With the war came a boost to the area's economy, which had declined as the wheat boom receded and freight rates climbed, but the war presented the life insurance industry with the problem of wartime policies. Most firms charged extra premiums for those in the service, but Great-West kept its extra charges at a minimum as part of its war effort. Throughout the war, the company managed to keep up its record, maintained since 1906, for writing more ordinary business in Canada annually than any other company. Nevertheless, the war's impact was felt: claims for wartime deaths totaled $1.5 million. Almost as catastrophic was the flu epidemic that flared up at the war's end from 1918 to 1919, which cost Great-West more than $1 million in death claims.
Canada, like other countries, then contended with conditions following the war, including high rates of inflation and unemployment, labor unrest, and slowed agricultural output. Though the economic situation worsened through the 1920s, Great-West showed a steady increase in business. In 1920, U.S. operations were extended into Michigan and Minnesota. That same year, Great-West became one of the first companies to offer group insurance. The concept took many years to catch on. In 1940 group insurance was still only nine percent of the company's total business. In later years it comprised more than half. In 1926 Macdonald retired as president, succeeded by G.W. Allan, who had been company director for 22 years.

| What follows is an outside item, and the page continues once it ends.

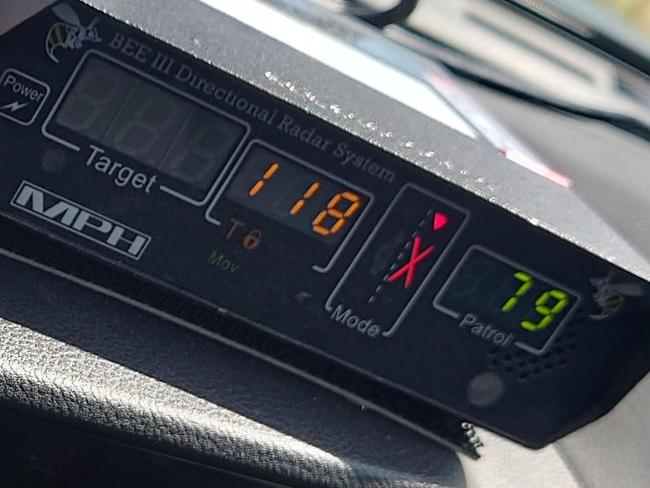 P-plater busted more than 30km over the limit. Picture: Tasmania Police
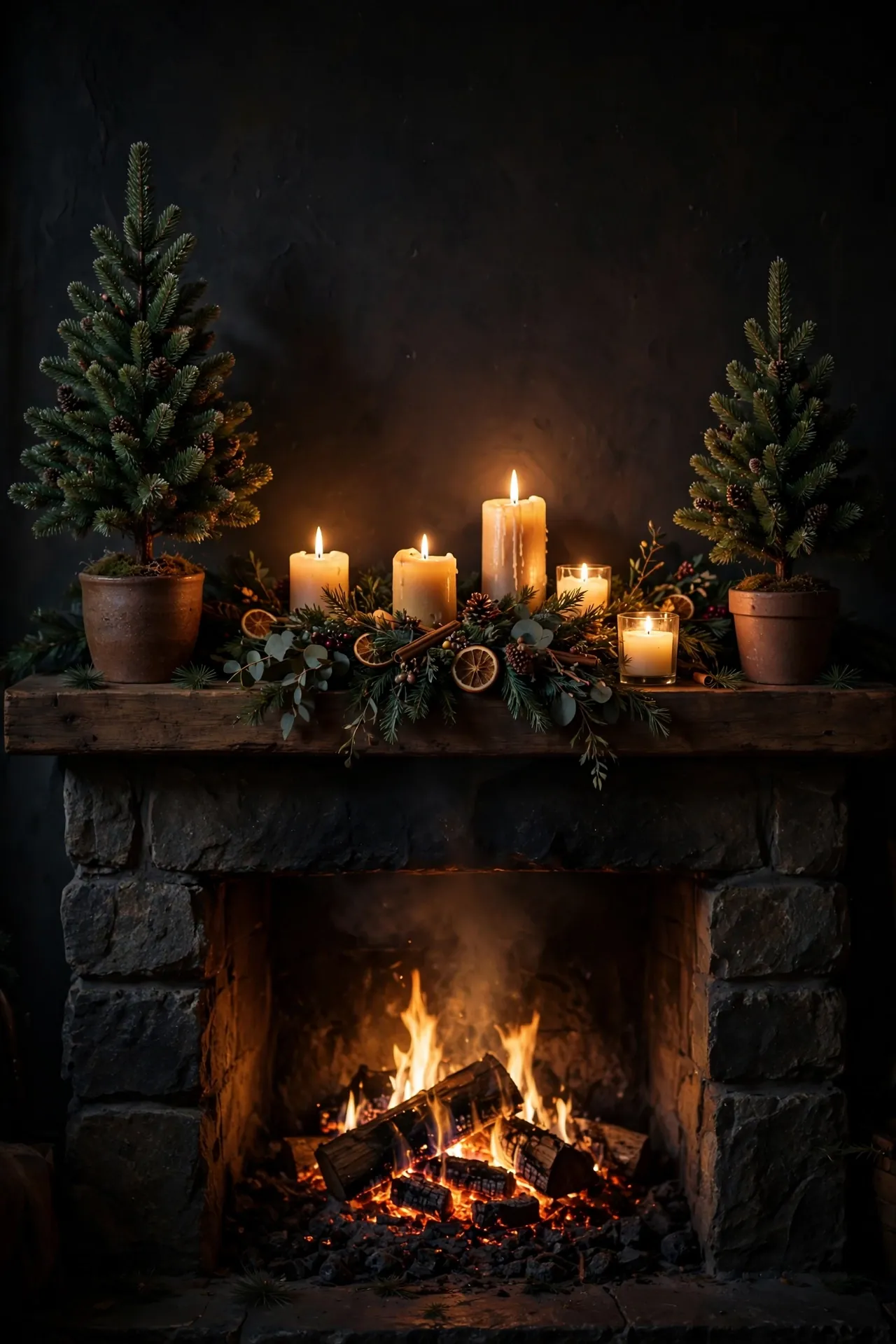 Mini Trees On The Mantel Shelf christmas mantel mini trees pair fireplace shelf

Great-West, which had initially concentrated its investments in farm mortgages, had diversified since the war into government bonds and city mortgages. Because of its diversified investments and the fact that stock holdings were a very small part of the company's portfolio, Great-West was well insulated when the market crash of 1929 occurred.
The Great Depression years of the next decade provided a new challenge. Business declined between 1932 and 1937, but Great-West managed a gradual increase in assets during the period. By the company's 45th anniversary in 1936, it provided coverage for nearly one million people in North America, issuing an average of 60 policies per business day. New insurance plans were introduced during the Depression, including a policy for the professional woman and a family protection policy. By the summer of 1939, Great-West was again enjoying record-breaking figures in applied business.
The decade of depression was ended by the outbreak of World War II, which stimulated employment and industrial activity. The life insurance industry was dramatically revived, and between 1939 and 1945 Great-West enjoyed tremendous growth as well as expansion into Indiana, Missouri, Ohio, Kansas, California, and Pennsylvania. Group insurance and group pension plans steadily increased. Also during the war years, Great-West entered into the individual accident and health insurance fields. The company changed presidents in 1940, when M.F. Christie took the job, and again in 1943, when W.P. Riley assumed the position.
During the postwar boom, the company's business boomed too. In 1946 Great-West's business-in-force reached the $1 billion mark. It would reach its second billion only six years later and its third three years after that. The company continued its expansion in the United States, entering seven more states between 1946 and 1952. In 1958 it started doing business in five more states and the District of Columbia. Also in 1958 Great-West began technological expansion; it purchased the first computer in western Canada.
Growth continued throughout the prosperous 1960s. In 1968 Great-West became the first Canadian company authorized to sell a variable annuity in the United States. More than $1 billion of new business was contracted that year.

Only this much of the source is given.